California’s new privacy law will allow consumers to instruct companies to delete their personal information and to opt out of having their information shared.
That means you’ll be able to contact your phone or cable company, say, and tell them to no longer make your personal info available to others. The law applies to any company doing business in the state.
Privacy experts I spoke with said it’s unclear at this point whether you’d be able to contact every firm listed on the state’s pending directory of data brokers and similarly tell them to knock it off.
For example, the privacy law says consumers can opt out of having their data shared by companies with third parties. But what if that company got its information about you from elsewhere? Is there still a third party if the first party (you) isn’t part of the picture?
“I’d say you could still opt out,” said Paul Schwartz, co-director of UC Berkeley’s Center for Law and Technology. “But there’s a little ambiguity.”
Even if you could, the onus would be on consumers to contact potentially hundreds of data brokers and opt out from each one individually — a task few people would have the time or patience to embark upon.
Moreover, how would you know if they’ve honored your opt-out request?
I went through California’s privacy law and couldn’t find any language addressing this question, other than a provision in Section 1798.135 that a business must “respect the consumer’s decision to opt out for at least 12 months” before seeking permission to resume data sharing.
Zimmer at Marquette University likened California’s and Vermont’s data broker directories to the federal do-not-call list — a well-intended idea that never lived up to its purpose.
The do-not-call list is a resource that “just about every telemarketer has figured out how to get around, let alone simply ignore,” he said.
Data brokers haven’t exactly earned the public’s trust. In June, the Senate Committee on Banking, Housing and Urban Affairs held a hearing on how the industry operates.

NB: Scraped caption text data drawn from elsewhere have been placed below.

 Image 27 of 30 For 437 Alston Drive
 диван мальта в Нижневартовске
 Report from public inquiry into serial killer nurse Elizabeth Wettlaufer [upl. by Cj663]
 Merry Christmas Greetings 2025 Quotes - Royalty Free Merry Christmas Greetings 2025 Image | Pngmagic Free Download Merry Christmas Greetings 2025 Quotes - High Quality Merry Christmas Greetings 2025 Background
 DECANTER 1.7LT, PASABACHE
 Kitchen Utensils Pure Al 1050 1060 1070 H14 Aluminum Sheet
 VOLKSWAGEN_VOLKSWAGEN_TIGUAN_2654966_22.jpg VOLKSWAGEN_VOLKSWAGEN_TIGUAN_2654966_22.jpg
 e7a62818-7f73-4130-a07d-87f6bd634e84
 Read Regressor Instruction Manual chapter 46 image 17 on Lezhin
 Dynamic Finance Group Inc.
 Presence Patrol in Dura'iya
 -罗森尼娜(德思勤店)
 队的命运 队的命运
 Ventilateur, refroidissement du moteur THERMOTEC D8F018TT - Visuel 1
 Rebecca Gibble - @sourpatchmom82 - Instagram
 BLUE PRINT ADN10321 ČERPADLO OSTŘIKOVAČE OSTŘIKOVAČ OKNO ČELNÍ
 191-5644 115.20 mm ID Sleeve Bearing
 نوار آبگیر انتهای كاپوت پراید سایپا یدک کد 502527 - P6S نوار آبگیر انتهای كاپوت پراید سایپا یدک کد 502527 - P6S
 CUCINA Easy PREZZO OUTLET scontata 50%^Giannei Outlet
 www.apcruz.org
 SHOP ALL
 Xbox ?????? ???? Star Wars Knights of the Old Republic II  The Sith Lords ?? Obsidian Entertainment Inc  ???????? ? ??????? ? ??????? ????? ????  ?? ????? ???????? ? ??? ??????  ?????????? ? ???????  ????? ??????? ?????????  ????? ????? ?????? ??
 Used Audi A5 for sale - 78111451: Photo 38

Not one data broker showed up.
The solution is clearly to use an opt-in approach rather than opt-out. That is, requiring businesses to seek permission upfront before they can share data.
Unfortunately, we’re nowhere close to a law that so boldly, and explicitly, places consumer interests ahead of those of businesses.
“Having a list of data brokers is better than not having a list,” said William McGeveran, a law professor at the University of Minnesota. “But it’s still far short of accountability.”